Examinant les éléments du dossier, la cour considère ensuite que les événements qui ont essentiellement trait à l’origine de l’indu sont sans importance. Par contre, la complexité de la matière, étant les conditions d’exportation des allocations de chômage, pouvait permettre à l’intéressé de considérer légitimement qu’il pouvait bénéficier des allocations.

Il y a dès lors bonne foi et la récupération doit être limitée aux 150 dernières allocations.

Intérêt de la décision

Les difficultés relatives à la notion de résidence effective et de résidence principale ayant été réglées par le premier arrêt rendu, le 3 février 2015, la cour aborde ici un deuxième volet, beaucoup plus général, étant celui de la notion de bonne foi dans la réglementation du chômage.
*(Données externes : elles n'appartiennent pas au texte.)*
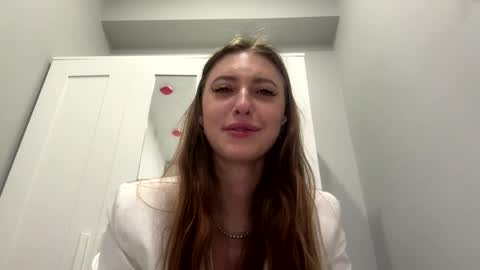 Selena online show from April 4, 2026, 1:04 am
Elle a ainsi l’occasion de revenir sur un important arrêt de la Cour de cassation du 16 février 1998, dans lequel la Cour suprême a posé comme principe que la négligence n’exclut pas la bonne foi. Le pourvoi faisait valoir que cette notion, au sens de l’article 169, alinéa 2, de l’arrêté royal, doit être appréciée eu égard aux connaissances subjectives et aux intentions du chômeur et que le juge du fond ne pouvait retenir en l’espèce l’ignorance de la langue comme élément susceptible d’établir la bonne foi, dans la mesure où il admettait également que cette ignorance ne constitue pas une excuse ayant pour effet que des déclarations requises n’auraient pas été faites. Pour la Cour de cassation, une telle appréciation de la notion de bonne foi n’est pas contradictoire. D’une part, l’ignorance de la langue en elle-même ne constitue pas une telle excuse, mais elle peut d’autre part intervenir comme élément susceptible d’établir la bonne foi.

En l’espèce, la Cour du travail de Liège a admis que la complexité de la réglementation du chômage, sur la notion précise de résidence – couplée à la circonstance que l’intéressé avait fait le nécessaire en vue d’obtenir une adresse de référence – était un élément suffisant susceptible d’établir la bonne foi requise.